Pribićević was born in Kostajnica, and as a youth he studied mathematics and physics in Zagreb and then briefly in Prague. Upon returning to Zagreb, he joined other young, politically active Croats and Serbs in producing the book Narodna misao (The National Idea, 1895) which argued that Croats and Serbs were one nation, and that they should work together in Croatian politics.
He took over leadership of the Serb People's Independent Party (Srpska narodna samostalna stranka) in 1903. In 1905, he and his party sponsored the Zadar Resolution, by which the Independents proposed to work with willing Croatian political parties (and signatories of the Rijeka Resolution) for a new, more assertive Croatian policy vis-à-vis the Hungarian and Austrian governments.
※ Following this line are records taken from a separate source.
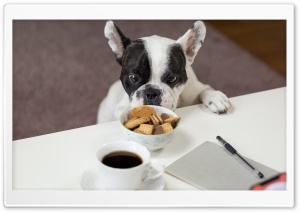 Funny French Bulldog Trying to Steal Biscuits Ultra HD Wallpaper for 4K UHD Widescreen desktop, tablet & smartphone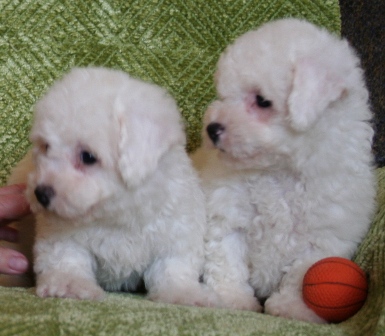 Cute Bichon Frise Brothers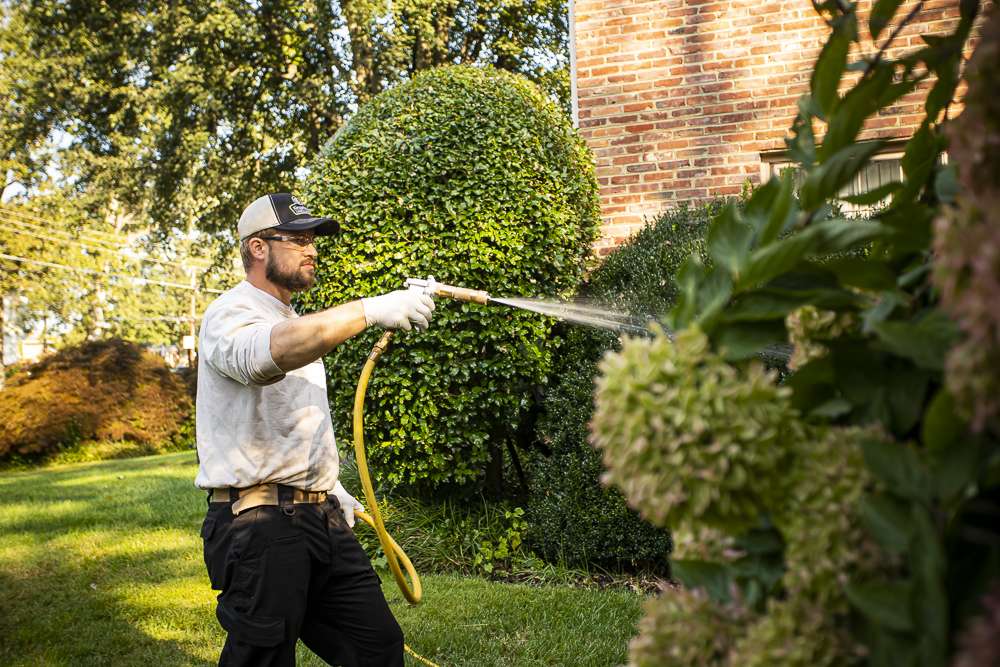 Pest control team spraying shrubs for pests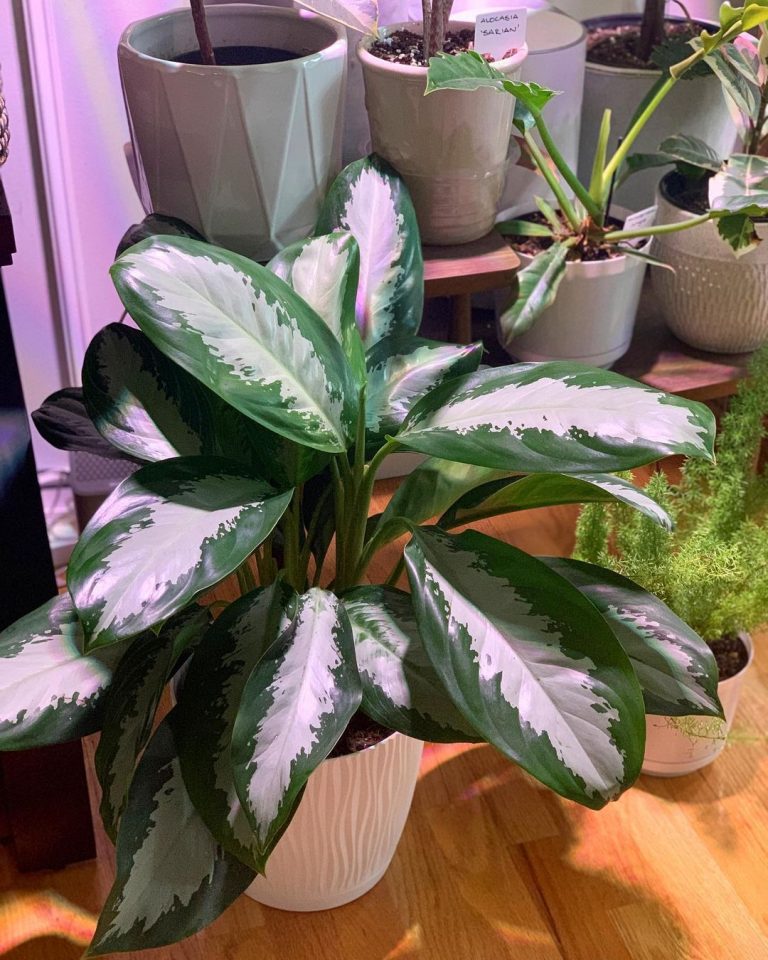 Aglaonema Species Identification: How To Tell Them Apart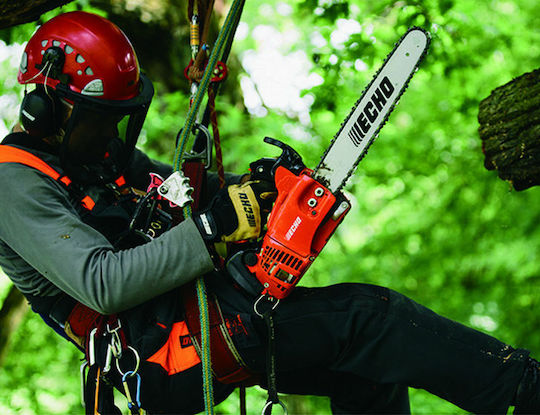 Echo CS-362TESC 30cm Carving 3.6кг с шина Carving шина 30см и Easy Start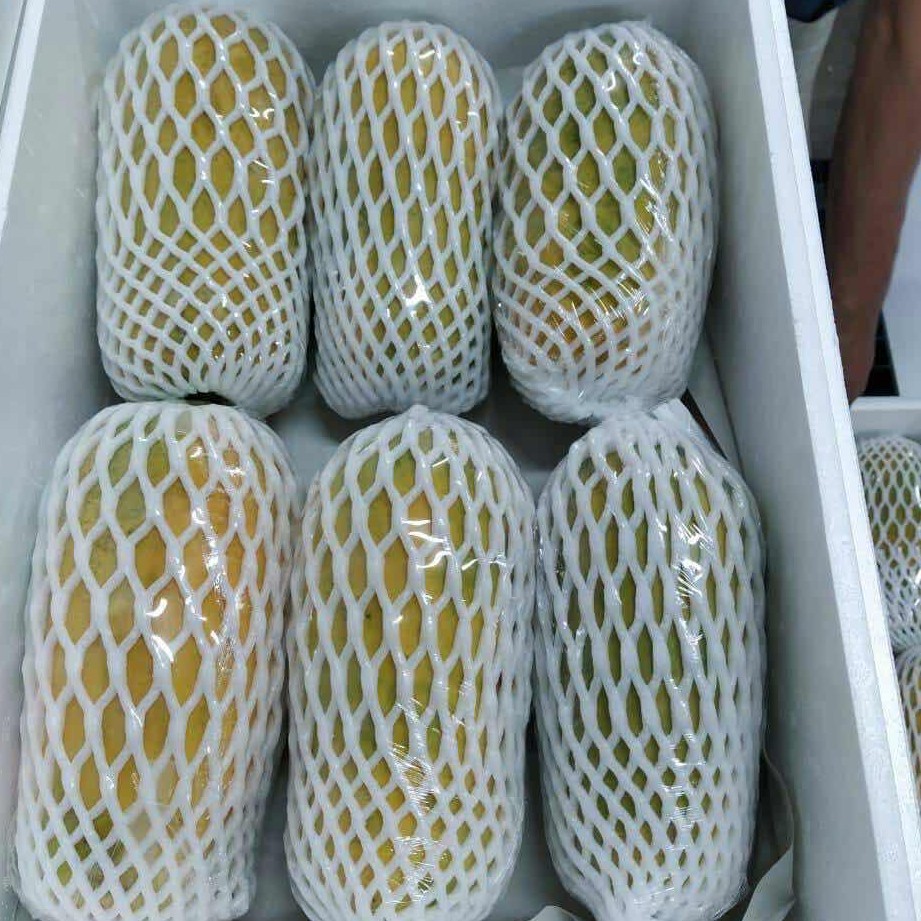 Fresh Papaya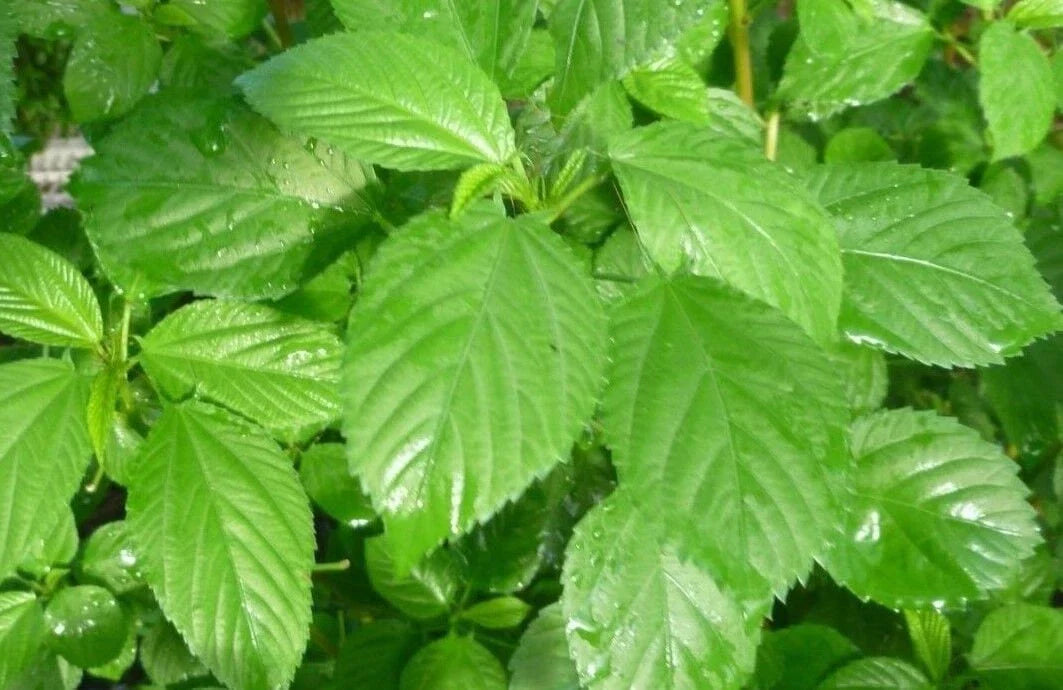 Molokhia Seeds - 100 Count Egyptian Spinach (Corchorus olitorius) for Home Gardening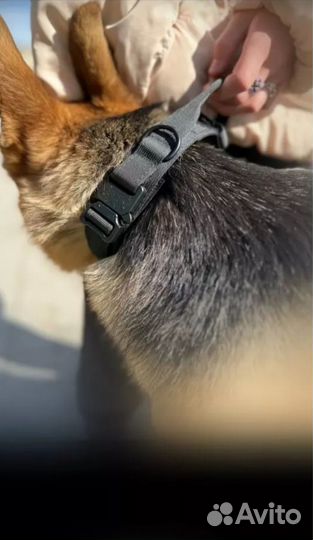 Ошейник Cobra для собак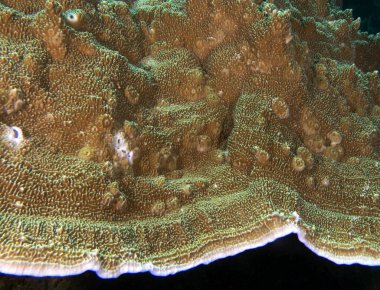 Bir Funnel mercan Apo Adası Filipinlerinin yakın görüntüsü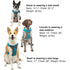 Kurgo Journey Air Dog Harness Black Gray Medium - Poudre Pet & Feed Supply 6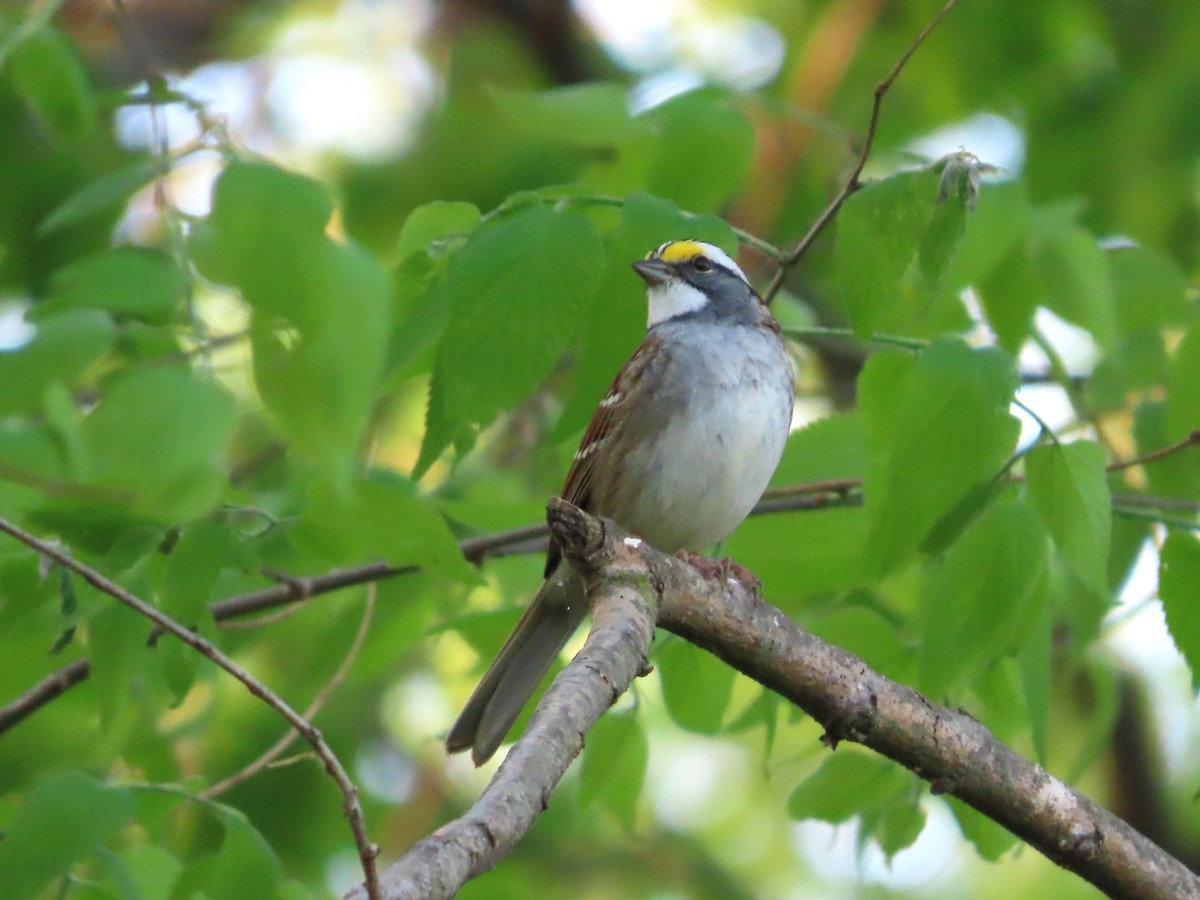 White-throated Sparrow - Michelle Browning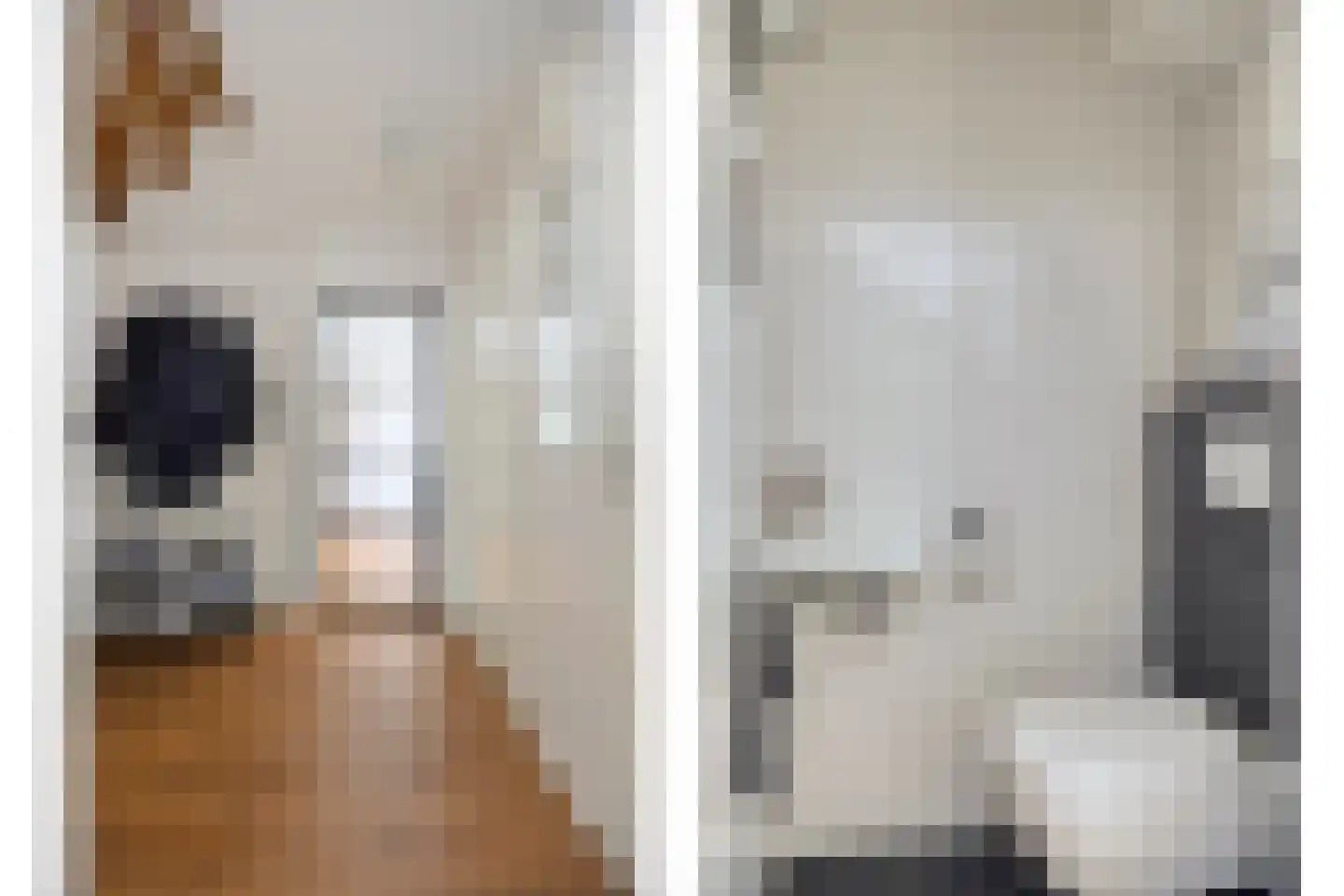 Valderseweg 31 Dwingeloo thumbnail 6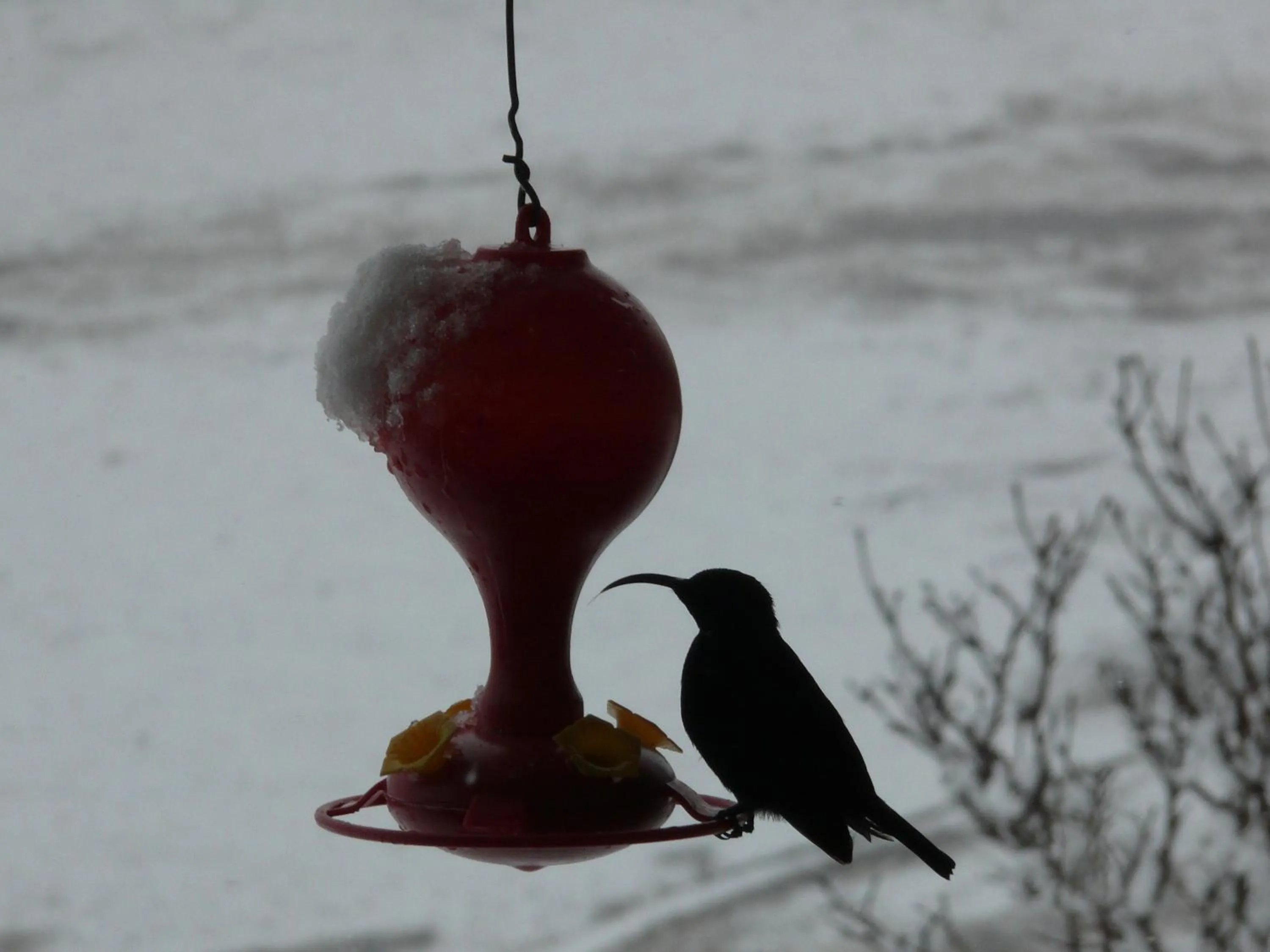 Animals in Crags Cottage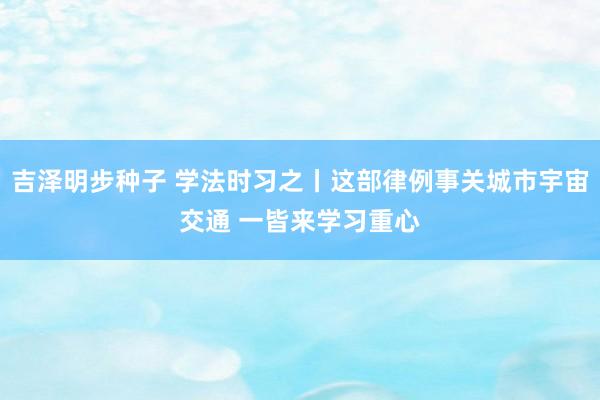 吉泽明步种子 学法时习之丨这部律例事关城市宇宙交通 一皆来学习重心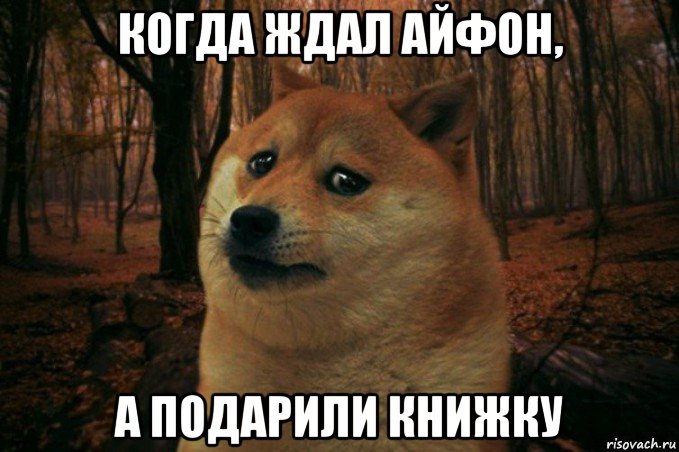 когда ждал айфон, а подарили книжку, Мем SAD DOGE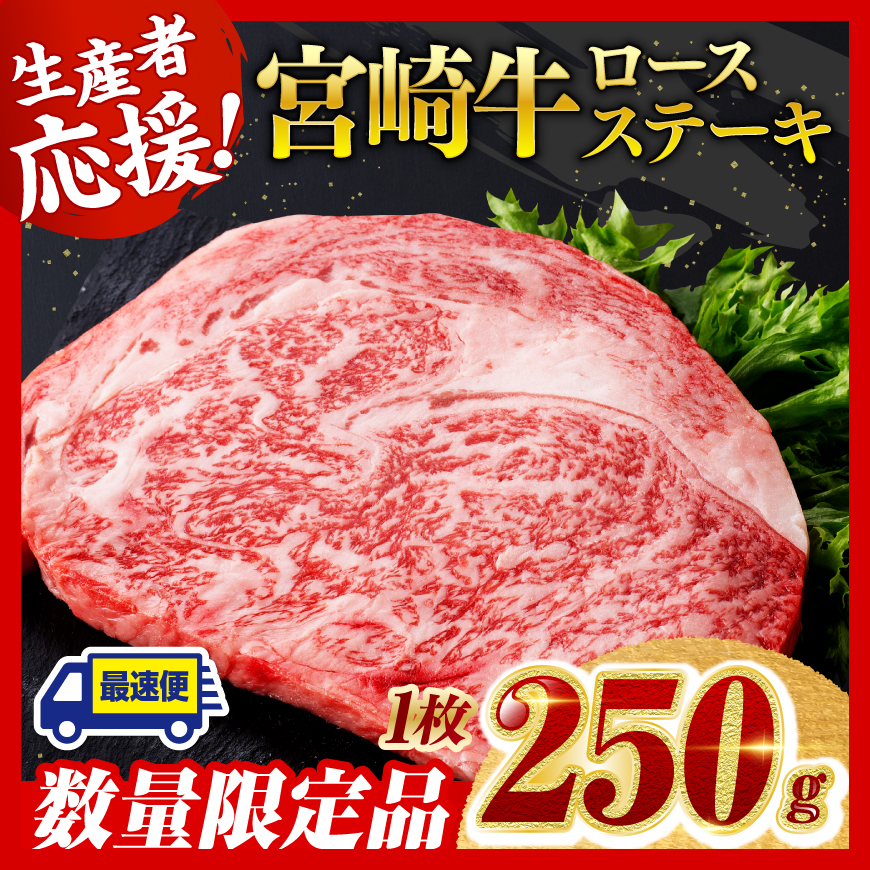 [数量限定]宮崎牛ロースステーキ1枚(250g) 肉 牛肉 黒毛和牛[D0601]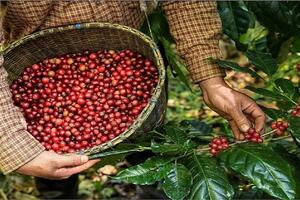 Giá xuất khẩu cà phê Robusta quay về vùng giá cao nhất 28 năm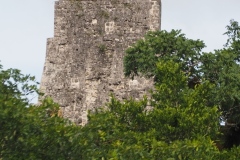 Tikal - Guatemala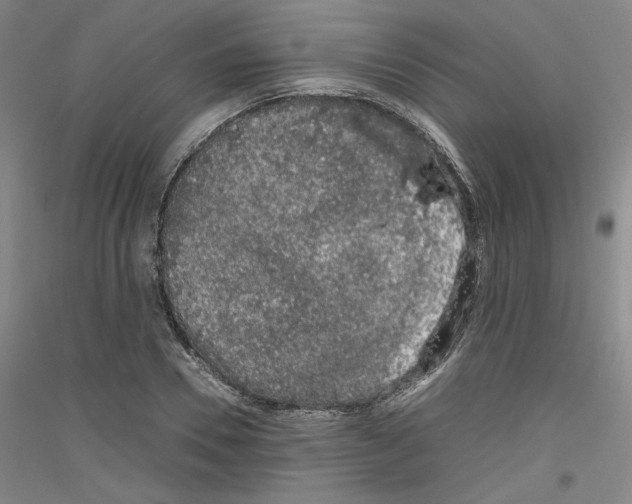 X0000116780930201001281118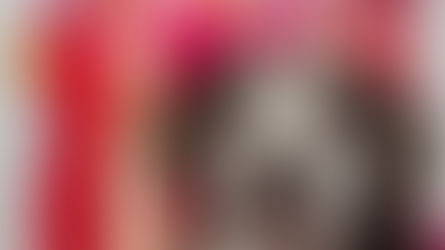 Dogs Trust Ballymena seeks forever home for 12-year-old spaniel Audry this Valentine’s Day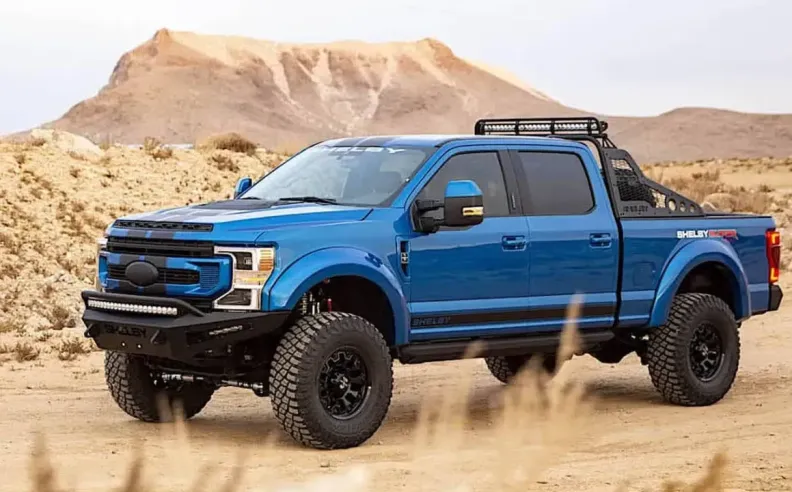 Performance Lineup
Between 1906 and 1918, he led the Croat-Serb Coalition, which was the political child of the two earlier resolutions. The Coalition dominated Croatian politics during that period. The power of the Coalition, and its Yugoslav state creation incentive, made it the target of attempts by Austrian and Hungarian authorities to destroy it. The treason trial of 1909 (in which a court in Zagreb tried 53 Serbs, including his brothers Valerijan and Adam, for treason) and the Friedjung trial (in which Pribićević and other members of the Coalition sued the Austrian historian Heinrich Friedjung for libel on the basis of several articles he wrote in the Reichspost) of the same year were the most obvious evidence of these campaigns.